25 year old home owner found guilty of leverage Thursday, September 25, 2008
The media coverage of the financial crisis has introduced the public to bits of City jargon, commonly with a derogatory slant e.g. "short sellers" being bad and "leverage" being a dodgy scheme that caused banks to collapse.
Oddly, most home owners are as "guilty" of being heavily leveraged via the mortages. They have typically used a small deposit for a home and borrowed the rest, with the sum borrowed linked to their apparent ability to repay and their home pledged as security for the loan.
Speculation on the residential property market has been widespread, and for many years it has been seen as and genuinely been a one-way bet. Thanks to low interest rates and easy terms, people have been able to borrow ever greater sums thus giving them more purchasing power [in absolute terms] which has inflated the market. Large profits have been made by property buyers for relatively small financial investments of personal equity, the rest being borrowed on leverage of 9x or more.
Unfortunately, as interest rates have gone up so repayments have become a greater burden to householders; as property prices have fallen so the value of ther security has dropped. In such a climate, the impact is dramatic for individuals. In some cases, it will result in the home being repossessed and the home owner's personal equity in a property being wiped out, coupled with supplementary claims from the lenders for shortfalls on the security provided which failed to cover the loan.

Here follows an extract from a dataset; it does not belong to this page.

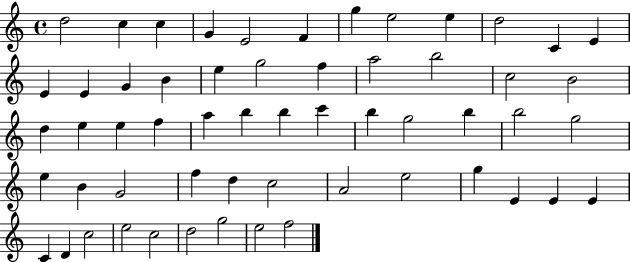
D5/h C5/q C5/q G4/q E4/h F4/q G5/q E5/h E5/q D5/h C4/q E4/q E4/q E4/q G4/q B4/q E5/q G5/h F5/q A5/h B5/h C5/h B4/h D5/q E5/q E5/q F5/q A5/q B5/q B5/q C6/q B5/q G5/h B5/q B5/h G5/h E5/q B4/q G4/h F5/q D5/q C5/h A4/h E5/h G5/q E4/q E4/q E4/q C4/q D4/q C5/h E5/h C5/h D5/h G5/h E5/h F5/h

Whilst on a massively greater scale and with far greater implications for the economy, the many leverage similarities between banks and individual homeowners are yet to be fully acknowledged by press, politicians and religious leaders alike or maybe they simply avoid unpopular themes. More significantly, it was and is the widespread belief that the property bubble is bursting, which is expected to lead to greater repossessions and losses on property related loans, that has contributed to the dramatic loss of market confidence.